5 najpiękniejszych polskich niekolęd

Podobno ludzie dzielą się na takich, którzy słuchają muzyki, i takich, co słuchają słów. Podobno, bo mimo że sama należę zdecydowanie do grupy drugiej, nie mogę powiedzieć, że muzyka jest mi obojętna. Dziś jednak przyznaję – w doborze poniższych przykładów kierowałam się przede wszystkim słowami. Zatrzymajcie się przy nich na chwilę w ten świąteczny czas. Oto pięć najpiękniejszych tekstów polskich niekolęd.
1. W wielkim mieście, słowa: Adam Nowak
Nie potrafię określić tego inaczej – to „najgęstsza” niekolęda, jaką znam. Gęsta od treści i od współczesności, która się z niej wręcz wylewa. Posłuchajcie. Widzicie siebie w pierwszej zwrotce? Wielkie miasto, wystawy, a zaraz potem:
by osłodzić sobie życie mały złodziej / tuż przed kasą kradnie / kokosowy baton / zanim zdążą go przyłapać zje go i / przestanie płakać
I do końca nie wiadomo, czy mamy dalej myśleć o cudach, czekać na anioły, czy może lepiej skupić się na naszym tu i teraz. Możemy nadmuchiwać balon z marzeń, a potem wybierać się tramwajem aż do nieba, „tylko po co tak daleko jechać”. Bez zbędnego uderzania w patos – wystarczy, jak weźmiemy sobie do serca jedno tylko zdanie:
kto nie poznał tych radości / niech spróbuje / znów pokochać kogoś jeszcze prościej
2. Uciekali, słowa: Agata Miklaszewska i Maryna Miklaszewska
O tej niekolędzie przypomniała mi niedawno Kasia z worQshop. Dawno już nie słuchałam Metra, ostatni raz chyba jeszcze w szkole. Dziś uderzyło mnie to, jak bardzo aktualne są te słowa napisane w 1991 roku. Ciągle ktoś ucieka przez swoją pustynię. I wciąż to uciekanie jest w wielu miejscach na świecie bardziej realne niż metaforyczne. Niestety.

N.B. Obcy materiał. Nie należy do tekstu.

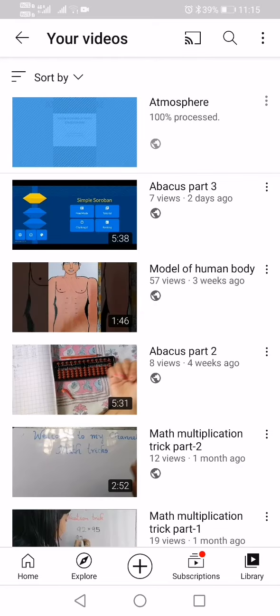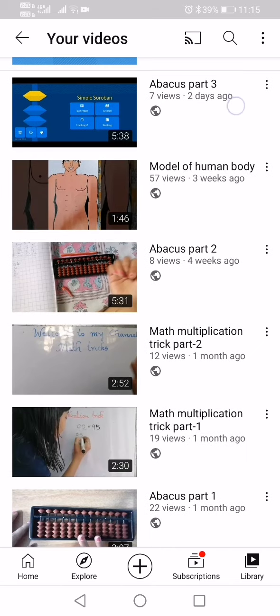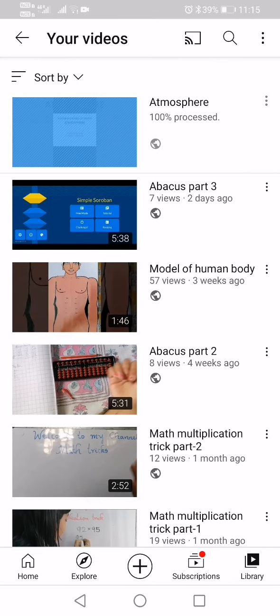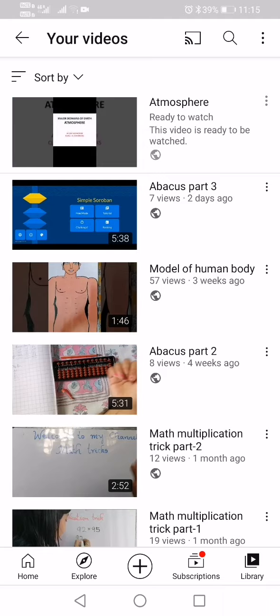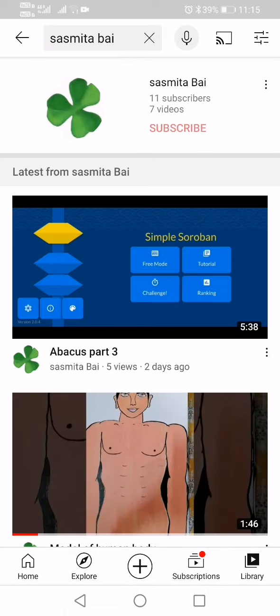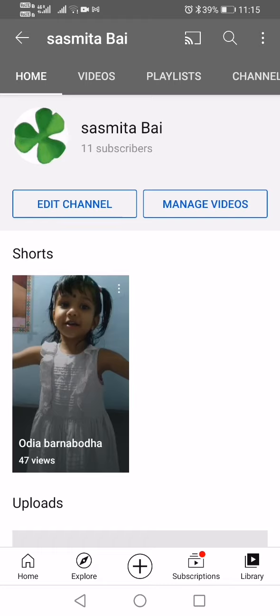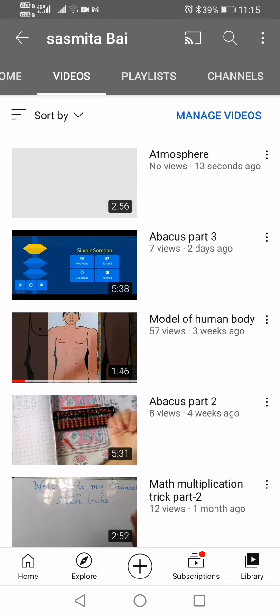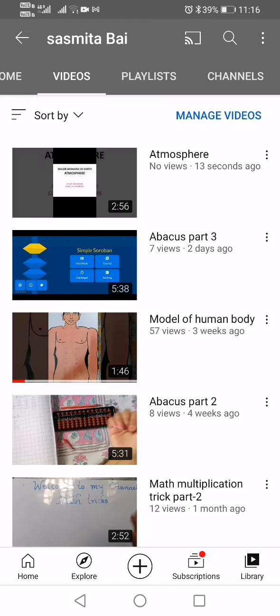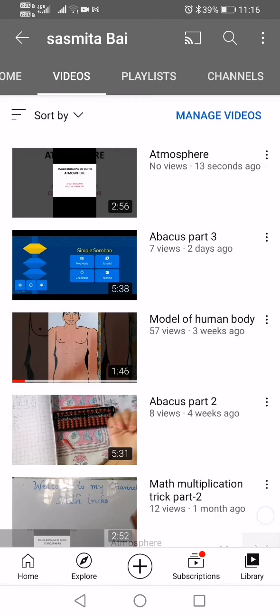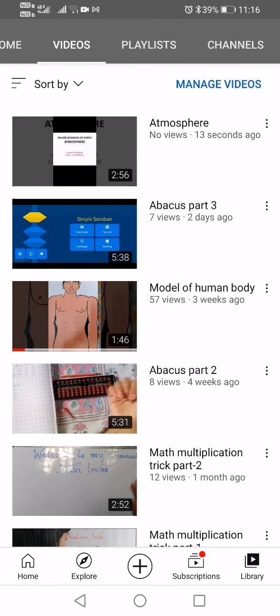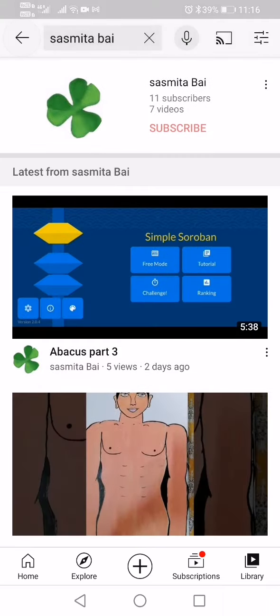It's showing 100% processed, meaning we should wait just a little more — and our upload is completed. This video is ready to be watched. Let's check — here you can see it, no views yet: 'Major Domains of the Earth.' It has already appeared on the channel. You can open my YouTube channel and watch this video. Thank you!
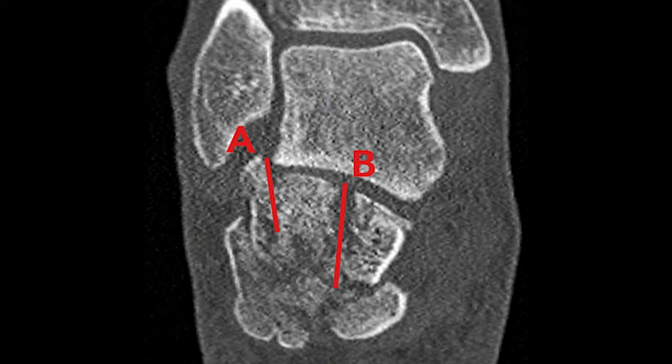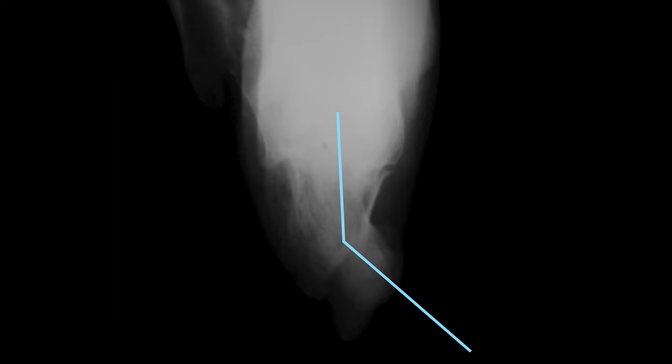We can also observe that the lateral articular fragment tends to displace into the ankle joint, so it is necessary to reduce it in an open manner through the sinus tarsi approach. At the axial view, we can see various displacement of the calcaneal tuber, which can potentially lead to such sequelae as posttraumatic deformity.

Lecz może trzeba szlakiem iść wygnania / Tak jak przodkowie nasi kiedyś szli / Może nie tu jest Ziemia Obiecana / Może gdzie indziej będzie rósł nasz Syn.
3. Kolęda warszawska, słowa: autor nieznany, rok 1939
Po raz pierwszy zetknęłam się z tą niekolędą na płycie Moje kolędy na koniec wieku Zbigniewa Preisnera. Miałam wtedy czternaście lat i chwilę zeszło, zanim dotarło do mnie, czego słucham. Że to nie ckliwa piosenka w rodzaju Nie było miejsca dla Ciebie (z całym szacunkiem dla tej pięknej kolędy), ale relacja na żywo z miejsca zagłady, z czasów, kiedy wydawało się, że Bóg świat opuścił.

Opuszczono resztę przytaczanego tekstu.